I have weird observation about scalaz-streams sinks. They are working slow. Does anyone know why is that? And is there any way to improve the performance?
here are relevant parts of my code: version without sink
//p is parameter with type p: Process[Task, Pixel]
def printToImage(img: BufferedImage)(pixel: Pixel): Unit = {
img.setRGB(pixel.x, pixel.y, 1, 1, Array(pixel.rgb), 0, 0)
}
val image = getBlankImage(2000, 4000)
val result = p.runLog.run
result.foreach(printToImage(image))
this takes ~7s to execute
version with sink
//p is the same as before
def printToImage(img: BufferedImage)(pixel: Pixel): Unit = {
img.setRGB(pixel.x, pixel.y, 1, 1, Array(pixel.rgb), 0, 0)
}
//I've found that way of doing sink in some tutorial
def getImageSink(img: BufferedImage): Sink[Task, Pixel] = {
//I've tried here Task.delay and Task.now with the same results
def printToImageTask(img: BufferedImage)(pixel: Pixel): Task[Unit] = Task.delay {
printToImage(img)(pixel)
}
Process.constant(printToImageTask(img))
}
val image = getBlankImage(2000, 4000)
val result = p.to(getImageSink(image)).run.run
this one takes 33 seconds to execute.

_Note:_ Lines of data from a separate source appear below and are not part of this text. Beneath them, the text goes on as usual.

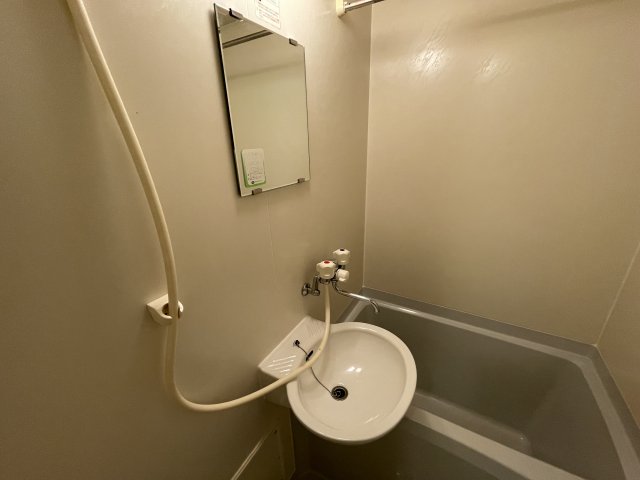 カラコレスの内装写真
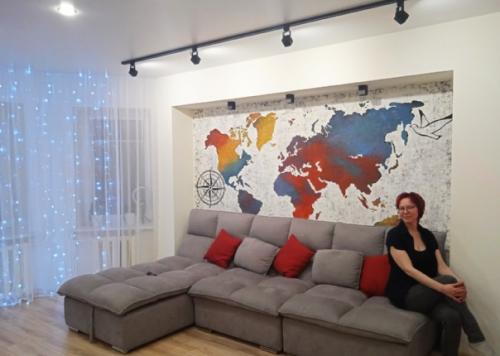 Эта многоцветная живописная карта мира появилась в гостиной в преддверии новогодних праздников. 04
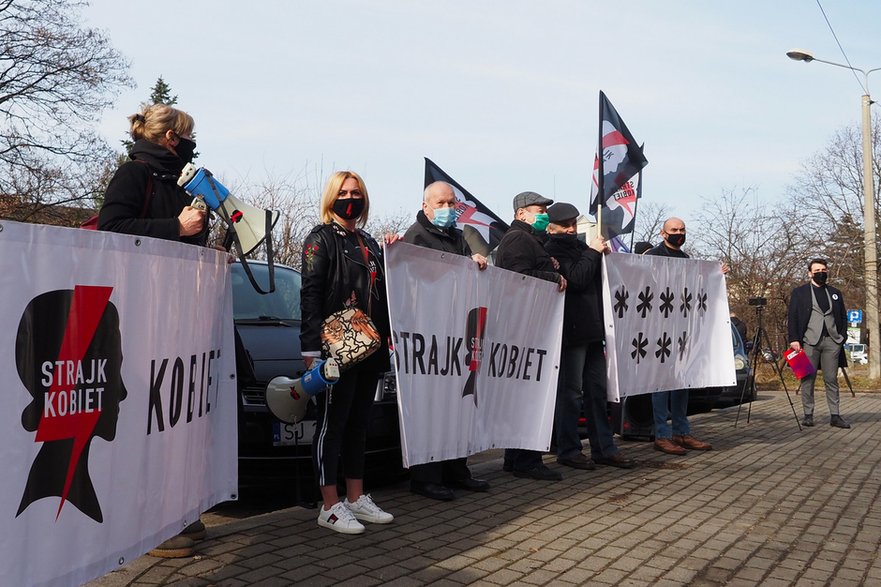 Protest Przed Komendą Miejską Policji w Jaworznie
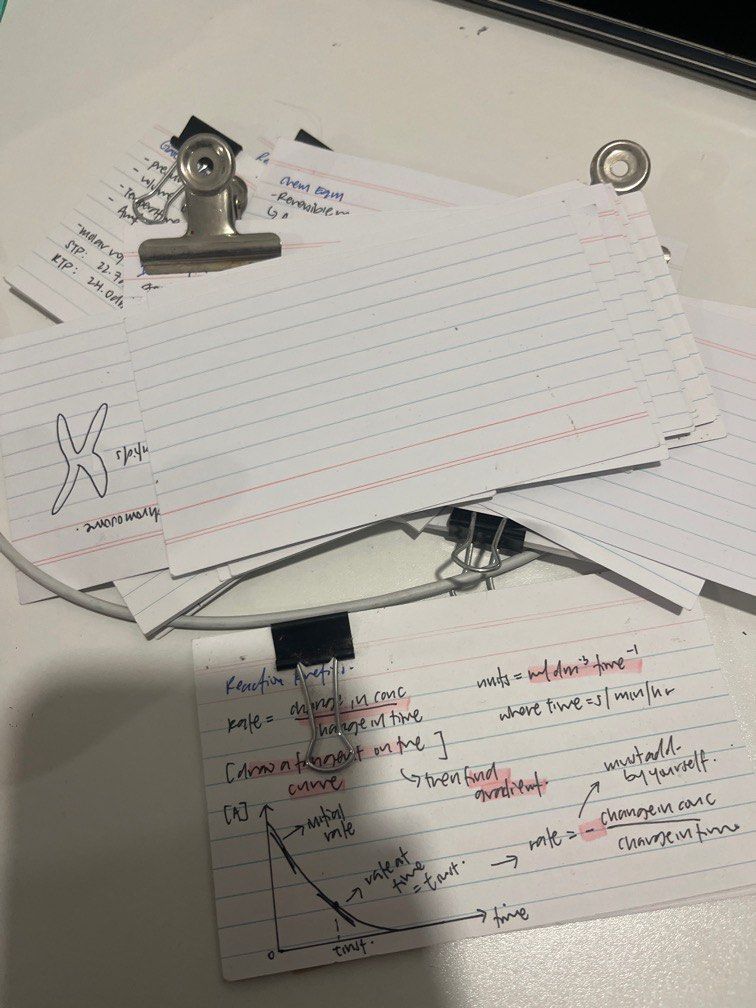 Flashcard Notes (Category: Assessment Books) located in Singapore. Submitted by theskyisfallinggg (Listing ID 1345720510, Image 1). Description: H2 CHEM AND H2 BIO, Certain chapters only. $3 each topic.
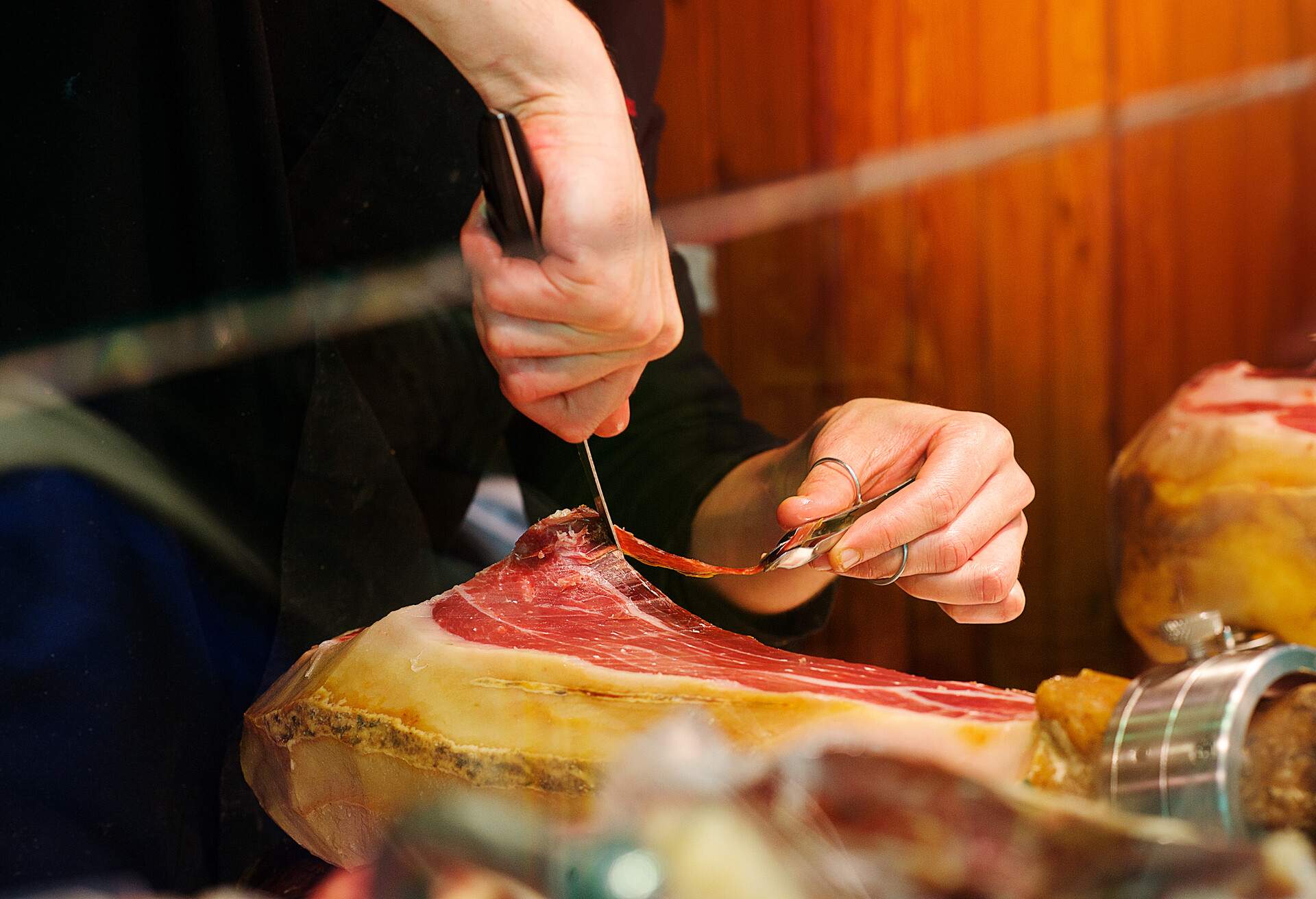 THEME_FOOD_SPANISH_HAM_JAMON_SERRANO_GettyImages-1095869614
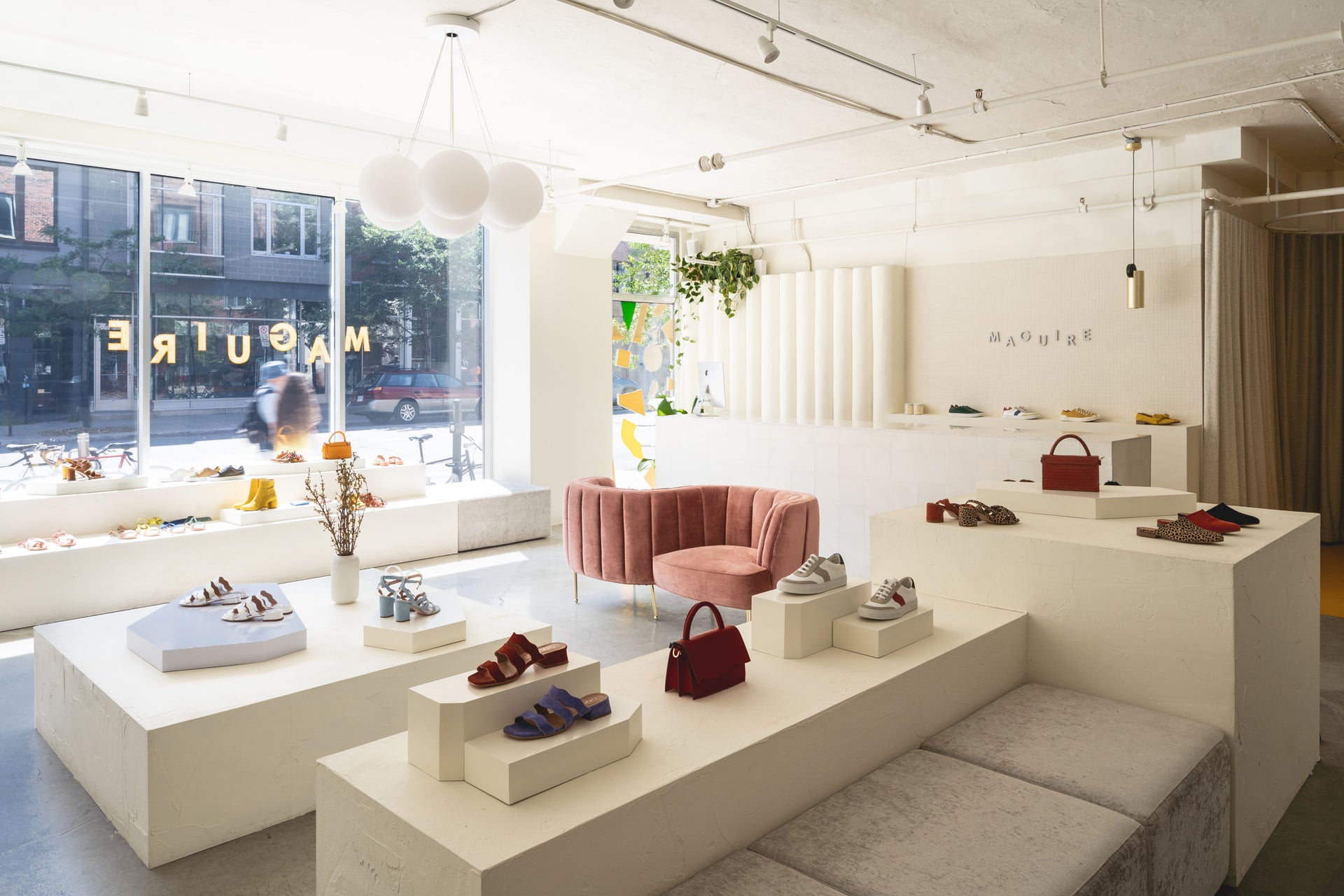 Self-serve closet concept in a shoe store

I am totally confused here because of that significant difference.
In second case you are allocating Task for each pixel, and instead of directly calling printToImage you do it through Task, and it's much more steps in a call-chain.
We use scalaz-stream a lot, but I strongly believe that it's overkill to use it for this type problems. Code running inside Process/Channel/Sink should much more complicated than simple variable assignment/update.
We use Sinks to write data from stream into databases (Cassandra) and we use batching, it's to high overhead to write individual rows. Process/Sinks is super convenient abstraction, but for more high level workflows. When it's easy to write for-loop I would suggest to write for-loop.